Tuttavia va puntualizzato che possono fregiarsi dello stemma ornato della corona di Conte solo i discendenti diretti in linea maschile di quel Francesco Viti (n. nel 1697 † 27 apr. 1753), che sposò Gerolama Laudati e che fu nominato I Conte con Diploma di Leopoldo d’Austria nel 1712.
Tra i successori diretti vi è quella Chiara dei Conti Viti, figlia di Nicola, che risulta essere tra gli ultimi vissuti ad Altamura appartenenti a quel ramo comitale (Chiara poi sposò Francesco Viti proveniente da un altro ramo della Famiglia, pur nobile ma privo del titolo di Conte). I discendenti di Francesco e Chiara dei Conti Viti sono a tutt’oggi dimoranti in Altamura (in particolare i discendenti di Vincenzo, primogenito della coppia).
Al riguardo, la norma di riferimento (per rinvio statutario dell’Ordine alle principali fonti araldiche) è l’art. 40 del R.D. n. 651 del 7 giugno 1943, “Ordinamento dello Stato Nobiliare Italiano”, il quale testualmente dispone:
“Le successioni dei titoli, predicati ed attributi nobiliari hanno luogo a favore dell’agnazione maschile dell’ultimo investito, per ordine di primogenitura, senza limitazione di gradi, con preferenza della linea sul grado.
I chiamati alla successione debbono discendere per maschi dallo stipite comune, primo investito del titolo.
I titoli, i predicati e gli attributi nobiliari non si trasmettono per linea femminile, salvo quanto dispone il capoverso dell’art. 45”.

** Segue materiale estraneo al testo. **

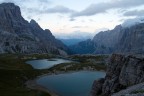 Dolomiti Bellunesi Dolomiti Bellunesi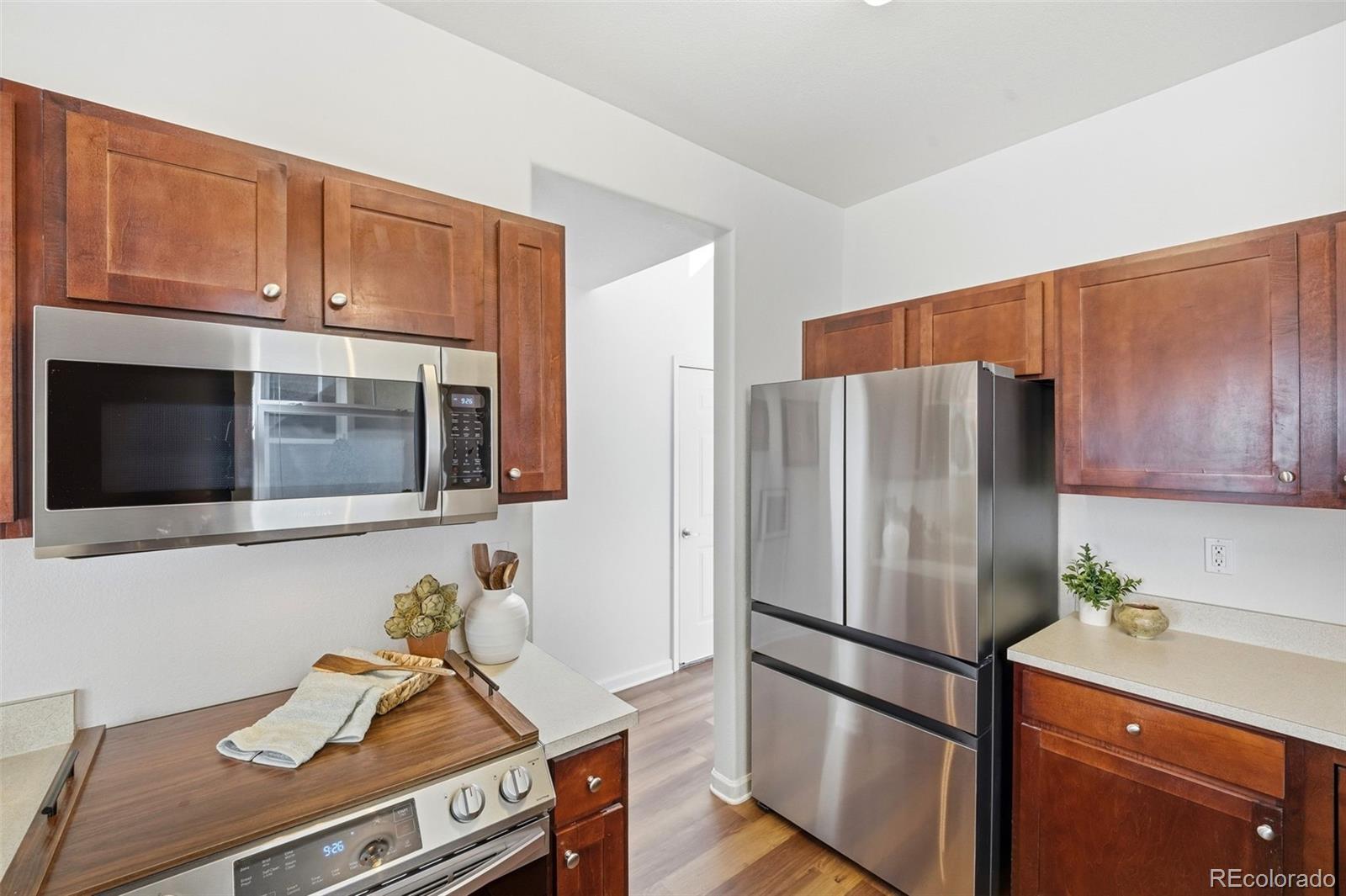 MLS Image #2 for 4362  alder springs view ,colorado springs, Colorado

Quest’ultimo riferimento, richiede che i titoli pervenuti ai maschi per via femminile siano stati riconosciuti con regie lettere patenti emesse prima del 7 settembre 1926.

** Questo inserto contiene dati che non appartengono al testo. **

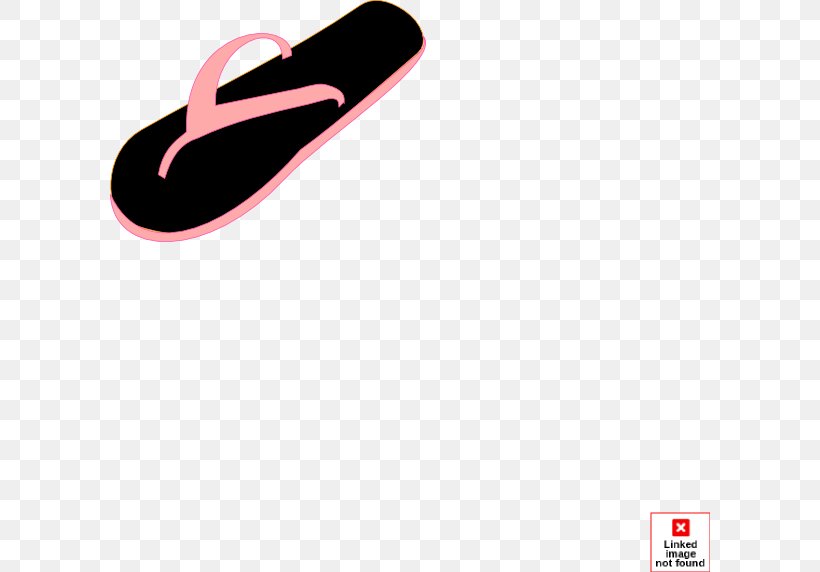 Slipper Logo Flip-flops, PNG, 600x572px, Slipper, Brand, Flip Flops, Flipflops, Footwear Download Free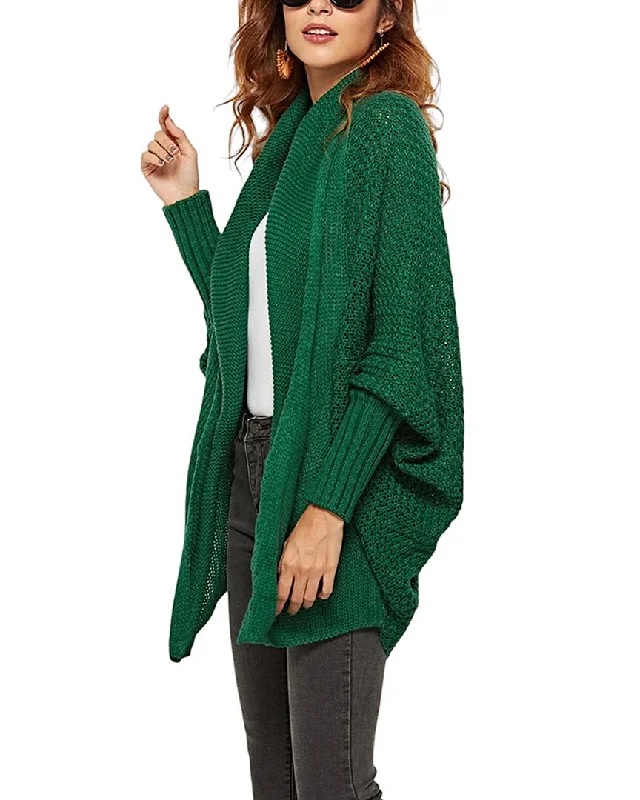 Adele Berto Cardigan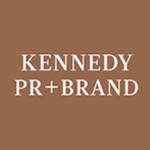 kennedyprandbrand profile picture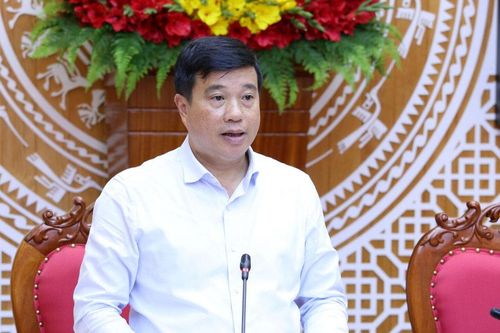 Đảng ủy UBND tỉnh Lâm Đồng lấy kết quả công việc làm thước đo cán bộ, đảng viên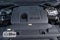 2021 Land Rover Range Rover Sport HSE Silver Edition
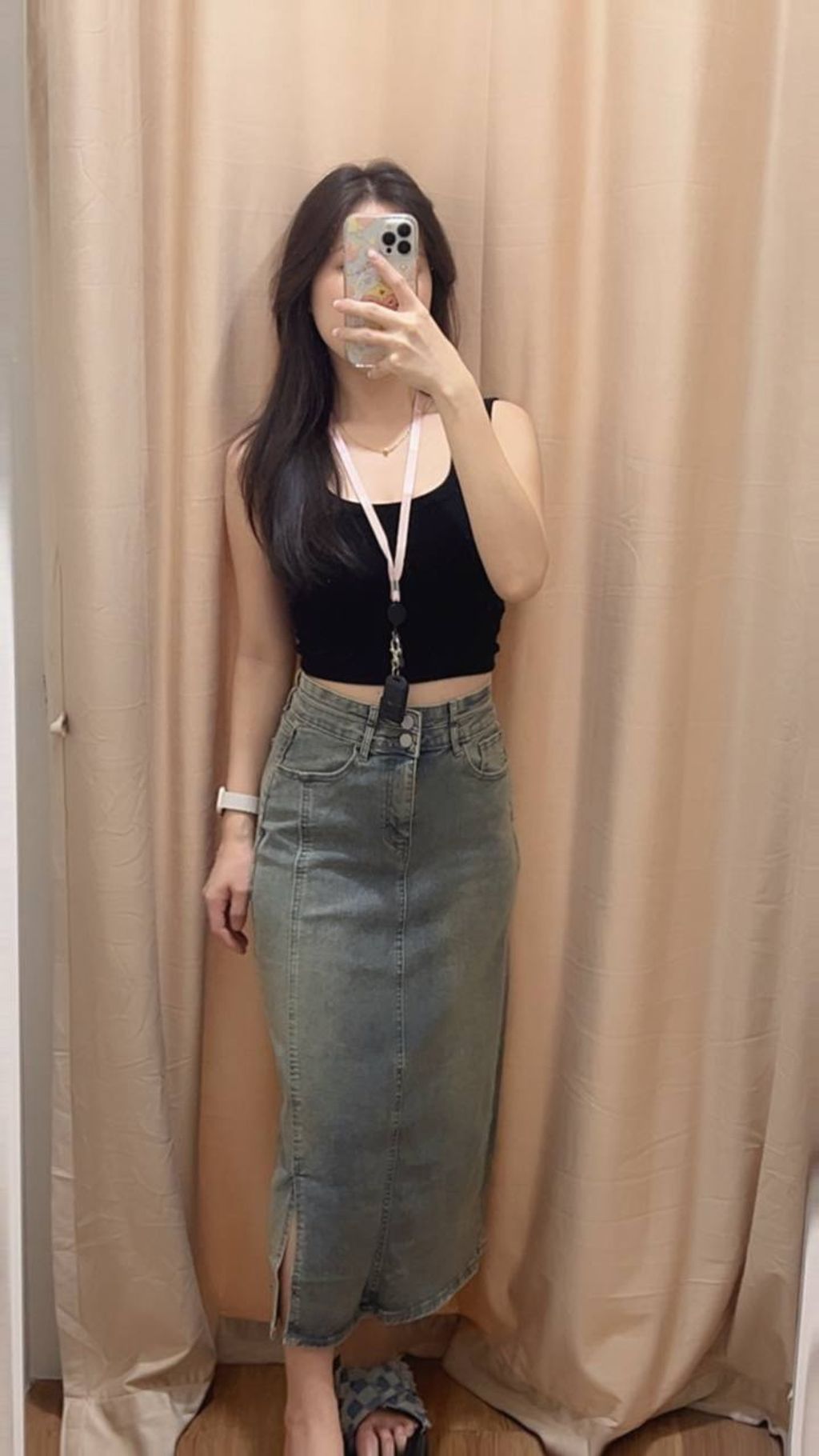 photo_2026-03-25_14-40-10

Cosa che nel caso del ramo discendente dai coniugi nob. Chiara dei Conti Viti e nob. Francesco Viti (così come sopra illustrato) non pare si avvenuta.
Pertanto va’ detto, per correttezza espositiva, che tutti i discendenti di tale coppia che ha dato vita al ramo in questione, sebbene possano fregiarsi del titolo di Nobile – ereditato dal ramo di Francesco, discendente dai Baroni di Caraffa e da comprovati Patrizi della città di Altamura – non è dato loro vantarsi del titolo di Conte; possono invece fare uso proprio dello Stemma di famiglia privo di decorazioni.

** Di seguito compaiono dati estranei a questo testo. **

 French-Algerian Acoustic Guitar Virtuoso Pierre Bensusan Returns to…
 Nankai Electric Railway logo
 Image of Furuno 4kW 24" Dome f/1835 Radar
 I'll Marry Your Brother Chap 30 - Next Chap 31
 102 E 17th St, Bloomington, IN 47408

L’utilizzo dello Stemma decorato con la Croce del S.M.O. Cost. di San Giorgio – come raffigurato nella seconda immagine degli stemmi sopra rappresentati – è invece riservata esclusivamente ai componenti della famiglia appartenenti al Sacro Ordine Militare Costantiniano di San Giorgio – di cui ho l’onore di farne parte – e ai suoi diretti discendenti.
Bibliografia e fonti storiche:
Giovanni Mercadante, Altamura, La Regina della Murgia, 1988;
Giovanni Mercadante, Altamura Nobilissima, 1997;
Giovanni Mercadante, Altamura, il Codice segreto della Nobiltà e il mistero dei Cavalieri di Malta, 2010
Andrea Borrella, Annuario della Nobilità Italiana, XXXI ed.
Istituto Araldico Romano, Collegio Araldico, Il Libro d’Oro della Nobiltà Italiana.
T. Castaldo, www.nobili-napoletani.it.
Agli inizi del 1900 la Famiglia Viti di Altamura fu protagonista anche di un tragico evento: il nob. Domenico Viti, fratello dell’avv. Francesco (consorte della nob. Chiara dei Conti Viti, dimoranti nel famoso palazzo), rimase vittima di omicidio insieme alla sua domestica nella sua casa di campagna durante una rapina ad opera di alcuni malfattori dei paesi limitrofi.
A tal proposito, è giunto sino ai giorni nostri – perfettamente intatto – uno straordinario documento storico riguardante la pubblicazione dell’arringa della parte civile ad opera dell’avv. Giuseppe Lembo (incaricato dal predetto avv. Francesco dei conti Viti per difendere la posizione della Famiglia) nel processo contro i responsabili del delitto dinanzi la Corte d’Assise di Bari.
Il documento, pieno di dovizia di particolari, riveste particolare importanza non solo sul piano processuale e giuridico al fine di conoscere e capire i fatti, ma anche sul piano umano, contendendo una lettera rivolta all’avv. cav. Francesco dei conti Viti nella quale l’avv. Lembo esprime tutta la sua vicinanza fraterna e compassionevole alla Famiglia e alla nobil donna Chiara, venuta a mancare qualche anno prima.